--- START ---
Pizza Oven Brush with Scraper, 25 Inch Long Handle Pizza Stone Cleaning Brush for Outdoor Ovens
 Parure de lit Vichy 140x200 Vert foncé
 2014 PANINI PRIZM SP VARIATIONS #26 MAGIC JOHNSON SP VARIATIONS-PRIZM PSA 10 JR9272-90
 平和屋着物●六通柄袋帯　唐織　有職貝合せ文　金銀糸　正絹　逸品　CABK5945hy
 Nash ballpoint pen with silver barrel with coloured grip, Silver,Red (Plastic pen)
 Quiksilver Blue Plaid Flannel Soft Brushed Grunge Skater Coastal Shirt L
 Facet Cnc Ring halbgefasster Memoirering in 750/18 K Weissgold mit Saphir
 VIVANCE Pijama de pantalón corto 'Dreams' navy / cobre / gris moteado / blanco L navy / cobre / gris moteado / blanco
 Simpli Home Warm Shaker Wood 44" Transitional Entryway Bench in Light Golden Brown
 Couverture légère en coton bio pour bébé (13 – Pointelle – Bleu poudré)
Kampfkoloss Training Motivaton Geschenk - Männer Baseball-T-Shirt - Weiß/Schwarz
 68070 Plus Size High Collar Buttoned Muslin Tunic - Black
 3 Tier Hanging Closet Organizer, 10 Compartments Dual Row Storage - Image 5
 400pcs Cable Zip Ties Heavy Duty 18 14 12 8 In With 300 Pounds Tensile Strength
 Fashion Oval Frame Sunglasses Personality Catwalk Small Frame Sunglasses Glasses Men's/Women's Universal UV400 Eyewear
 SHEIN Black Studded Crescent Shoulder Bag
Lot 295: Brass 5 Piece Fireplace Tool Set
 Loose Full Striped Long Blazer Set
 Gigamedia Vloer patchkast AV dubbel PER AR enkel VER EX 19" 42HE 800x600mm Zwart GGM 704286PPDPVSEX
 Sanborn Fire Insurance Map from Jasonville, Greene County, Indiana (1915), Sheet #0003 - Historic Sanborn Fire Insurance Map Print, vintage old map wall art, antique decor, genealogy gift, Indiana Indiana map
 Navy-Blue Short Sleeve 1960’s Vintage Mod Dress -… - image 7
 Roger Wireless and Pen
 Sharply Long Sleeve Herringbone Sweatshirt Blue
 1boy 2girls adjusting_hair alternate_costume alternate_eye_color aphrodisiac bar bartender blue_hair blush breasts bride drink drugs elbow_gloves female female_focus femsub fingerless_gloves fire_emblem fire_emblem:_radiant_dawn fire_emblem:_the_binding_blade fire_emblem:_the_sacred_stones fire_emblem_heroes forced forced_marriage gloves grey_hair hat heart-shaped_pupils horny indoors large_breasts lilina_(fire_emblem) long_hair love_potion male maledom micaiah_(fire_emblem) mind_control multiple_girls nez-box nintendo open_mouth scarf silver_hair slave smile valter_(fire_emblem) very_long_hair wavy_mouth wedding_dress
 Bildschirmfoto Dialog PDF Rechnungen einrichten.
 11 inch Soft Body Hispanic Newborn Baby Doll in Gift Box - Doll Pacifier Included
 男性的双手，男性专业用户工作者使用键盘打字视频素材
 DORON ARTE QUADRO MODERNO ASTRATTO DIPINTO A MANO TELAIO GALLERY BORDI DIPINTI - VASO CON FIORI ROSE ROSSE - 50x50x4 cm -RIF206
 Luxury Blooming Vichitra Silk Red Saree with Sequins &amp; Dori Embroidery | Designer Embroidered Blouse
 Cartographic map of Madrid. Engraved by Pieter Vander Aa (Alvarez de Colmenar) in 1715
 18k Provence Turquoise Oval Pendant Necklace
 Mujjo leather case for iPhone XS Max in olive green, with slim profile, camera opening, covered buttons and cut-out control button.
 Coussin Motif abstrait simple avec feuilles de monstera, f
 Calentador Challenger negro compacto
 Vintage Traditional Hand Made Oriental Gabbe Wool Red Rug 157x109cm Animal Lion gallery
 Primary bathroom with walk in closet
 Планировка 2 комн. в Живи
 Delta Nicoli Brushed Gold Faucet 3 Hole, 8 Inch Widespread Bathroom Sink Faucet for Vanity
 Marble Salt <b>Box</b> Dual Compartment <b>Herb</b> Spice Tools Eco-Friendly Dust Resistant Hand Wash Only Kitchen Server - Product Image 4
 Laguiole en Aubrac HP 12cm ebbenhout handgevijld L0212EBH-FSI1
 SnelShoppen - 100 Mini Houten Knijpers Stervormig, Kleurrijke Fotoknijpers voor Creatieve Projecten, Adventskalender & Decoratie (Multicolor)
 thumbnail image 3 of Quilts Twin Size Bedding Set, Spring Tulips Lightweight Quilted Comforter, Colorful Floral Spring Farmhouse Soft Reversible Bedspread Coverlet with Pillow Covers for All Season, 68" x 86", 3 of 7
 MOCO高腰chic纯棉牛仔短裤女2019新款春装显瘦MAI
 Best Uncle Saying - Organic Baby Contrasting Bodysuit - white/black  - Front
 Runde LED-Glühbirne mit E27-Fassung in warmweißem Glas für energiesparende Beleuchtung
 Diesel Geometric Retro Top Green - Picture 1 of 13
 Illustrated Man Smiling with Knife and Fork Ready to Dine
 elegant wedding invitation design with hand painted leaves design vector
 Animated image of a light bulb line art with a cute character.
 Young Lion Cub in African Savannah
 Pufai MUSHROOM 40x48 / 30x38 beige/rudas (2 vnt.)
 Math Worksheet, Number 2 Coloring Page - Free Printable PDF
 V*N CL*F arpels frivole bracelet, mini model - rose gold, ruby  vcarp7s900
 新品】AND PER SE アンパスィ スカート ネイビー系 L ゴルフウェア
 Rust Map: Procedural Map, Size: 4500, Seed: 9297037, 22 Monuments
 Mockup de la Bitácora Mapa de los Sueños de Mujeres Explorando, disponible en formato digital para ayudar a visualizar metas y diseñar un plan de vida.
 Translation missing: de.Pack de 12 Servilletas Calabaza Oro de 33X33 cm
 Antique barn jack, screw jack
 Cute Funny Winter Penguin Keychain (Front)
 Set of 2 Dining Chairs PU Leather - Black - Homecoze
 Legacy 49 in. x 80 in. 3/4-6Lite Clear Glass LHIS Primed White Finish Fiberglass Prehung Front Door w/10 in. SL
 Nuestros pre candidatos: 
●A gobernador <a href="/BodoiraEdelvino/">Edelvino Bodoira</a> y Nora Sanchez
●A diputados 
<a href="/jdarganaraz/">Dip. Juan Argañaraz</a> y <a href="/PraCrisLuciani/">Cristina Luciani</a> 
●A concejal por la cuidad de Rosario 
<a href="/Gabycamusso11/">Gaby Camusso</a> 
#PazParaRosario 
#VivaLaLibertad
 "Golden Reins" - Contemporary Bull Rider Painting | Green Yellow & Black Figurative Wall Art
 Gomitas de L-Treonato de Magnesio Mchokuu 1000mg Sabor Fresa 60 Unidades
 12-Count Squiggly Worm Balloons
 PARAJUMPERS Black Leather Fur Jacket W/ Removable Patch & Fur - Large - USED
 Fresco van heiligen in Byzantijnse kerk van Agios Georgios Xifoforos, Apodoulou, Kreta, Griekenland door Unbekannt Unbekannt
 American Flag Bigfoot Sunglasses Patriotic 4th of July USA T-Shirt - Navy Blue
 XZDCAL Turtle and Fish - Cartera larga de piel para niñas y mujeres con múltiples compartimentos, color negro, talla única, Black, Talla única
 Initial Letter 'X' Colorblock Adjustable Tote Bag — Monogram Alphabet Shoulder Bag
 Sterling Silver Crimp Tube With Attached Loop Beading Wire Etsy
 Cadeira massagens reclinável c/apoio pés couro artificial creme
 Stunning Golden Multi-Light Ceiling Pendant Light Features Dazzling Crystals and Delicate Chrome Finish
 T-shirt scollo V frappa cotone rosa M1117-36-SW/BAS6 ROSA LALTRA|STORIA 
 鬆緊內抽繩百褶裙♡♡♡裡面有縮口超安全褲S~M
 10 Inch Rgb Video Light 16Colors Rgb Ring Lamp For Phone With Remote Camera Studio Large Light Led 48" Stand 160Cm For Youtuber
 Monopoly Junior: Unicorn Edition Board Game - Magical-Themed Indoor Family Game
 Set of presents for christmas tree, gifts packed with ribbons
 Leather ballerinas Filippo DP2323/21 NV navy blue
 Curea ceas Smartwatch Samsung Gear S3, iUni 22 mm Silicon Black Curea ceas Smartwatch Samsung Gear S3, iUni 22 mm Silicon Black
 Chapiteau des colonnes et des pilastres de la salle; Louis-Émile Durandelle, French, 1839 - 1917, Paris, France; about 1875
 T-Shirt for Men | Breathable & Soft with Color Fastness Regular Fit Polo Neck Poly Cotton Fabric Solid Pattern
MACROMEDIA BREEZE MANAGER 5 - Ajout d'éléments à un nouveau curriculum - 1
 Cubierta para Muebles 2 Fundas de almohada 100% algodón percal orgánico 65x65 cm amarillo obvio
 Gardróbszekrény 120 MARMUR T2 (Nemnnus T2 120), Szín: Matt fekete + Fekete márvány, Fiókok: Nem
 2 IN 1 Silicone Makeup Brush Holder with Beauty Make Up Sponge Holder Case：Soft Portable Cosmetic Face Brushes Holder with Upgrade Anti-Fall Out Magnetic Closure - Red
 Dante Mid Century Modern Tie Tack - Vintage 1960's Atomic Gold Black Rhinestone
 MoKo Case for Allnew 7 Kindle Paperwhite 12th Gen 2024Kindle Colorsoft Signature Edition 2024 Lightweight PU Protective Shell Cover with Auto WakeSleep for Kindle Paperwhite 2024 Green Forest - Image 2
--- END ---
▶ [TRY IT]
Report how many lines in the data include the string "Sunglasses", giving nothing but that number.

▶ [OUTPUT OF THE TASK]
2